🤖 AI Summary
Current NLP research on counter-hate speech is critically misaligned with the needs of communities most affected by online harm, evidenced by outdated datasets and the exclusion of key stakeholders—particularly frontline NGOs and impacted communities—from model development and evaluation. Method: We conduct a systematic review of 74 NLP studies to document this misalignment and collaborate with five NGOs specializing in online gender-based violence through a participatory case study involving surveys, qualitative interviews, and co-design workshops. Contribution/Results: We introduce the first “stakeholder-driven” research framework for counter-speech, comprising novel practice guidelines spanning data curation, model design, and ethical assessment.
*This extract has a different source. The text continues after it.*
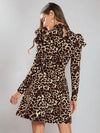 Chic Leopard Print Mock Neck Gigot Sleeve Dress - Statement Elegance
Further, we propose concrete technical pathways and governance recommendations to recenter community agency, thereby advancing socially responsive AI.
📝 Abstract
Counterspeech, i.e. the practice of responding to online hate speech, has gained traction in NLP as a promising intervention. While early work emphasised collaboration with non-governmental organisation stakeholders, recent research trends have shifted toward automated pipelines that reuse a small set of legacy datasets, often without input from affected communities. This paper presents a systematic review of 74 NLP studies on counterspeech, analysing the extent to which stakeholder participation influences dataset creation, model development, and evaluation. To complement this analysis, we conducted a participatory case study with five NGOs specialising in online Gender-Based Violence (oGBV), identifying stakeholder-informed practices for counterspeech generation. Our findings reveal a growing disconnect between current NLP research and the needs of communities most impacted by toxic online content. We conclude with concrete recommendations for re-centring stakeholder expertise in counterspeech research.